Na verdade, ouvindo-se na íntegra esse depoimento, o que se retira é que o dito Sr. Administrador de Insolvência nem sequer nunca conheceu o locado (nunca o visitou), apenas se tendo “servido” de informações que lhe foram prestadas por um Sr. de uma Leiloeira (seu colaborador ao tempo), que este sim lá se teria deslocado; sucede que ao “aprofundar” esse conhecimento da situação, o mesmo não deu de todo a localização real do locado, pelo que fica a dúvida legítima se a indicação dada ao Sr. da leiloeira foi a correta, e consequentemente, se este “visitou” o locado que devia visitar…

Tendo presente este ponto de ordem, o que se retira de seguro do dito depoimento do Sr. Administrador de Insolvência é que – também assim no seu “Relatório” do art. 155º do CIRE junto aos autos a fls. 116-130 – na medida em que não era conhecido o paradeiro dos elementos de contabilidade, nem o TOC da Insolvente, sendo que apenas acedeu aos dois últimos exercícios entregues fiscalmente em declaração anual de IRC nos anos de 2009/2010, é que ele basicamente partiu dos dados que resultavam das reclamações de crédito[3] sobre a Insolvente em causa (“B (…), S.A.”), como flui do que consignou a fls. 9 do Relatório já aludido, a saber, “A empresa encontra-se encerrada desde Março de 2014, com base nas reclamações de crédito” (sublinhado nosso).

Isto tanto mais que ao tempo da sua entrada em funções, a Insolvente se apresentava como tendo a sua sede em distinto lugar – na “Rua João de Ruão nº 12, 3000-229”…

Assim, porque a Insolvência em causa foi requerida pela própria Insolvente,  quando o mesmo Sr. Administrador de Insolvência, no dito “Relatório” do art. 155º do CIRE, consignou que “a Insolvente se encontrava encerrada e sem trabalhadores”, naturalmente que se deve interpretar o “encerramento do estabelecimento em 20.02.2014”, mais propriamente como significando o encerramento da actividade da empresa em si.

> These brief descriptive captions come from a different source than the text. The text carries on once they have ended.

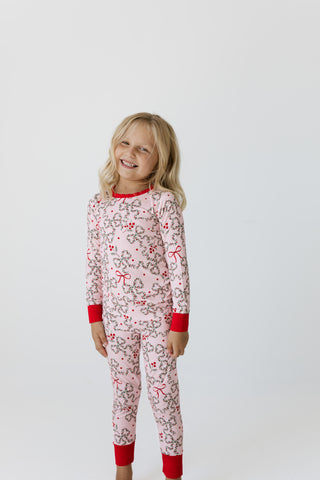 In My Jammers Two Piece Set - Mistletoe Bows
A young girl with blonde hair stands against a light gray studio background wearing a light pink long-sleeve pajama set with a gray and red holiday pattern and solid red cuffs and collar.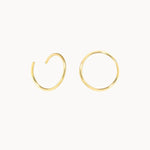 Gold hoop earrings on a white background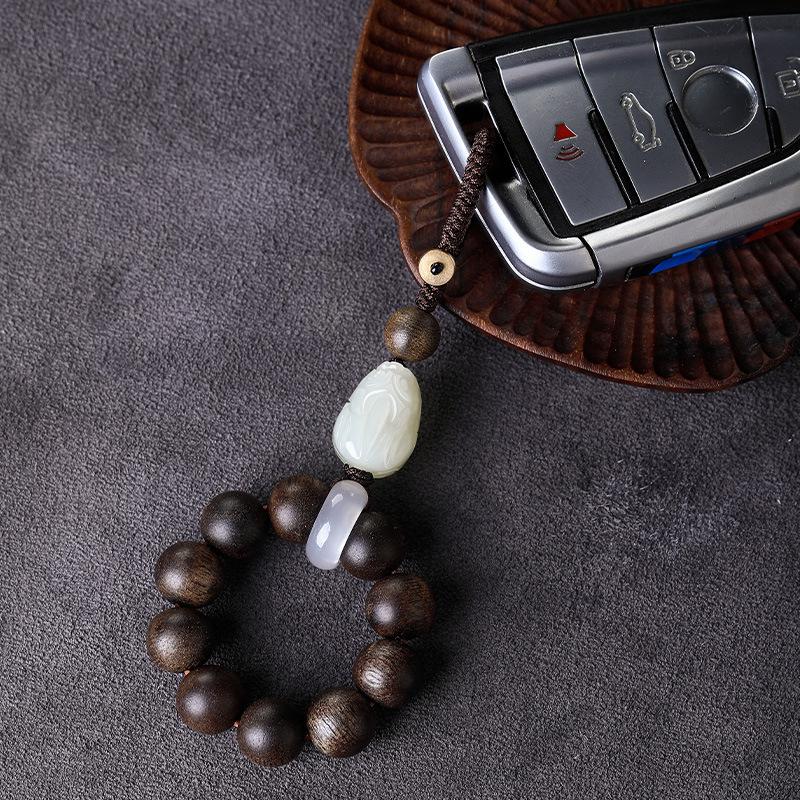 Vietnam Nha Trang agarwood semi-submersible car keychain pendant, natural Hetian jade Pixiu car interior decoration accessory
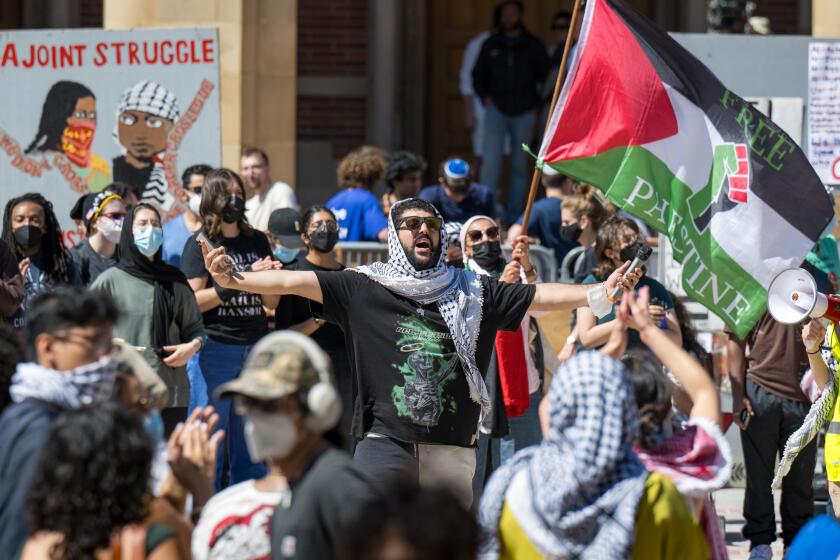 WESTWOOD, CA - April 26, 2024: Pro-Palestinian protesters demonstrate in an encampment at UCLA. (Michael Owen Baker / For The Times)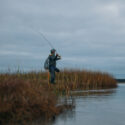 Man fishing on a marsh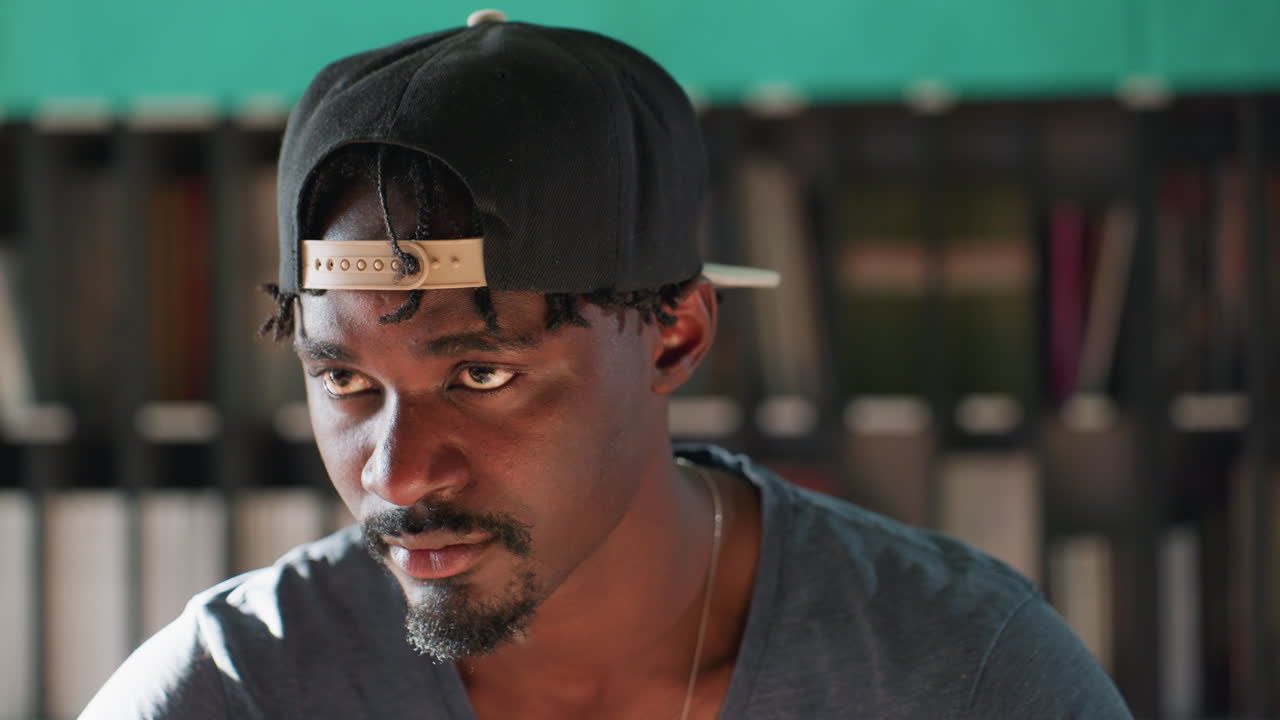 Man wearing cap sits at library table with stack of books, slowly lifting head while looking away, eyes closed, teal wall and shelves behind him bathed in soft light creating introspective mood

Dito de outra forma: não se consegue retirar do constante do já aludido “Relatório” do art. 155º do CIRE, na sua conjugação com os esclarecimentos prestados em audiência pelo seu subscritor, o dito Sr. Administrador de Insolvência, que este tivesse um conhecimento real e seguro sobre a situação do locado ajuizado nos autos, mormente que o mesmo se encontrasse encerrado como decorrência e consequência do encerramento da actividade pela Insolvente.

Ademais, os AA. não “corroboraram” que o estabelecimento tivesse encerrado em 20-02-2014, antes e apenas, com e no seu requerimento de fls. 106-107, invocaram/remeteram para o que tinha sido dito pelo Sr. Administrador de Insolvência no “Relatório” do art. 155º do CIRE (a cuja junção aos autos então procederam), o que se mostra unicamente e sempre reportado à Insolvente!  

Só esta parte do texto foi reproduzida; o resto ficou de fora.